Tor directs internet traffic through a volunteer overlay network, masking the user’s IP address and maintaining browsing anonymity while helping bypass internet censorship, both crucial issues for Chinese netizens.
The malicious version promoted to these users looks identical to the genuine Tor Browser, but it’s configured to record browsing history and log anything typed on website forms.
Below is a screenshot of the particular YouTube video.
Additionally, the custom browser caches pages on the disk, stores extra session data from websites, and has auto-filling of login data enabled by default.
While these may seem like innocuous interventions to make using this custom version of Tor more comfortable, the fact that the malware phones to a command and control (C2) server with POST requests is a clear indication of its nefarious objectives.

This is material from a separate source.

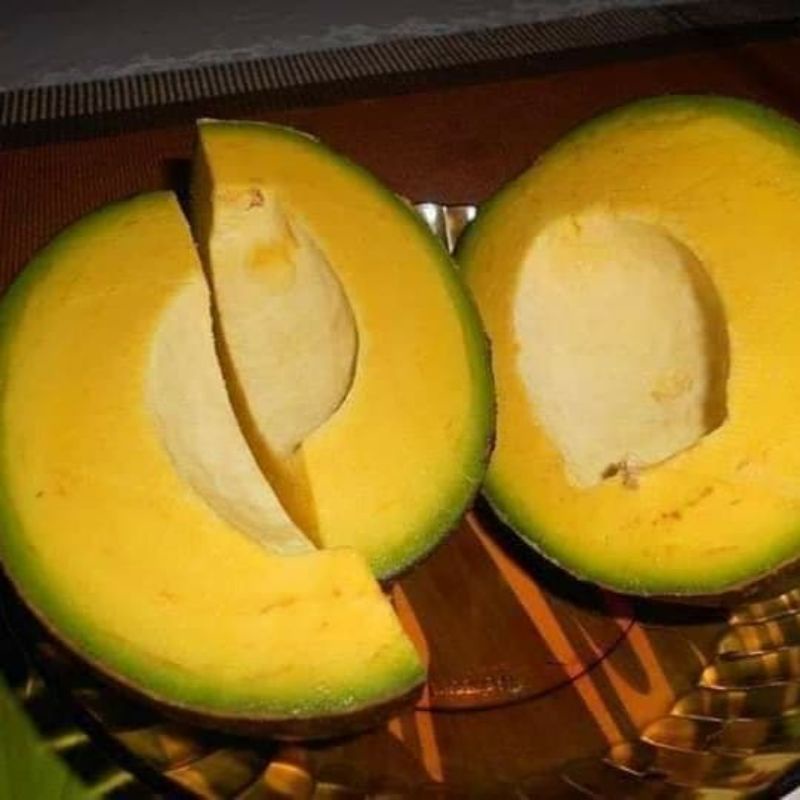 

Bibit Alpukat Markus Daging Tebal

Kaspersky’s analysts found that if the victim is based in China, the C2 will send a second-stage DLL in response to the POST, which generates a unique host ID and attempts to retrieve the following information:
- GUID of the operating system disk volume
- Machine GUID
- Computer name
- Computer locale
- Current user name
- MAC addresses of network adapters
The collected information is exfiltrated in encrypted form to the C2 server, and then the malware pings it every two minutes, awaiting new commands.
The commands sent by the C2 may request retrieving a list of installed software or running processes, the Tor browsing history, Google Chrome’s and Edge’s browsing history, WeChat and QQ account IDs, and the SSIDs and MAC addresses of the victim’s WiFi network.

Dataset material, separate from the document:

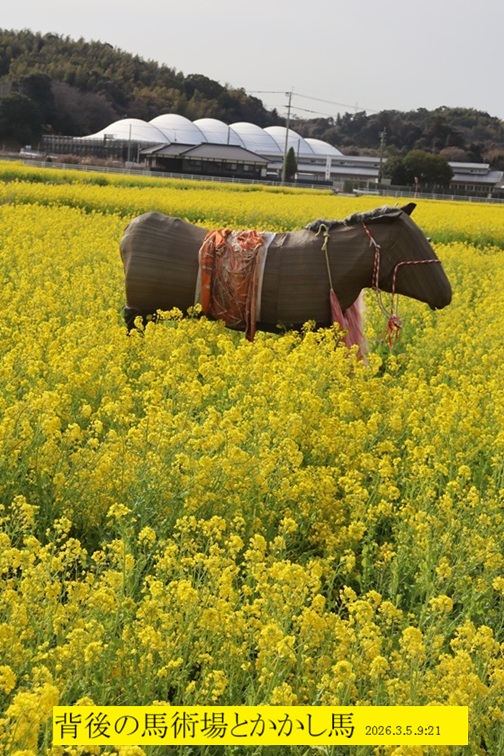 504x756 (232,566�o�C�g)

Additionally, the malware supports arbitrary shell command execution using “cmd.exe”, while the execution results are encrypted and sent to the C2 in the next POST request.
The malware doesn’t target user passwords, cryptocurrency wallet IDs and seed phrases, browser cookies, or credit cards. Instead, its operator appears more interested in unmasking the victim’s identity and discovering more about their browsing activities.
Hence, it’s likely that the authors of the custom Tor browser version are members of law enforcement or other state authorities, although Kaspersky hasn’t collected enough evidence for confident attribution.
Reminder: Download from the official source only
This is a reminder of the importance of downloading software installers directly from the official project sites, in this case, that is torproject.org. This is particularly important when downloading a secure browser, browser add-ons, and other privacy tools.
For Chinese people not using a VPN, the domain is out of reach. However, if they source an installer from elsewhere, they can still examine the executable’s digital signature to verify the publisher.